▶ **TO DO**
Could you restate the whole listing below word for word, minus the pictures?

▶ **INPUT DATA**
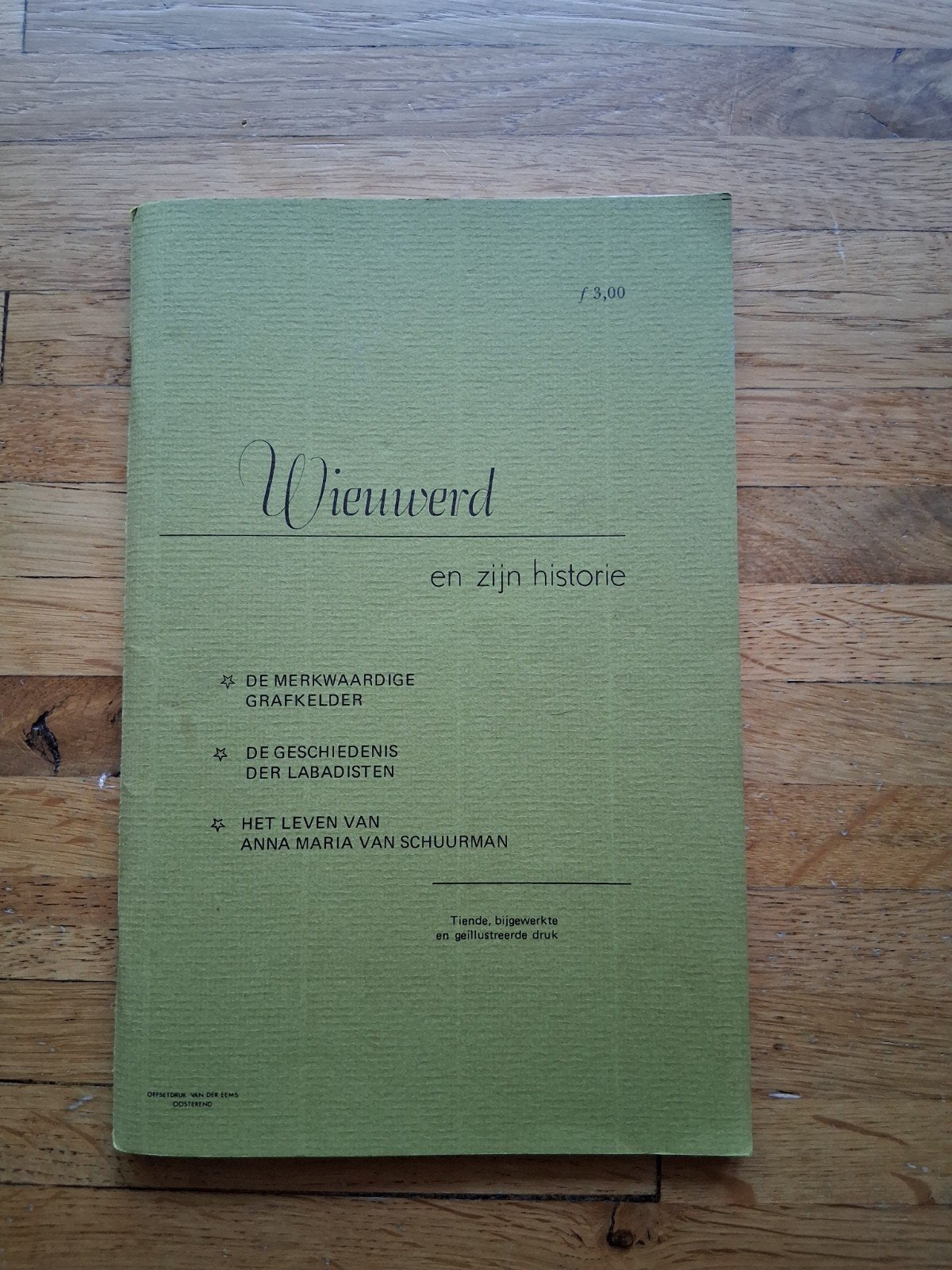 Wieuwerd en zijn historie
Wieuwerd; Friesland ; geschiedenis, Ophalen of Verzenden, Zo goed als nieuw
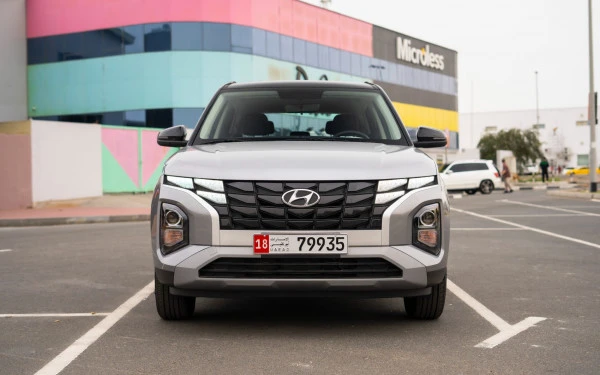  فضة هيونداي كريتا Photo 6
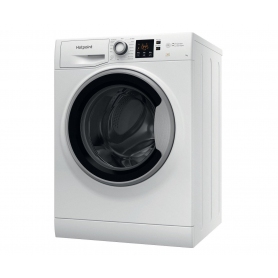 Hotpoint NSWE745CWSUK 7kg 1400 Spin Washing Machine - White - 4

▶ **REPLY TO THE TASK**
 Wieuwerd en zijn historie
Wieuwerd; Friesland ; geschiedenis, Ophalen of Verzenden, Zo goed als nieuw
  فضة هيونداي كريتا Photo 6
 Hotpoint NSWE745CWSUK 7kg 1400 Spin Washing Machine - White - 4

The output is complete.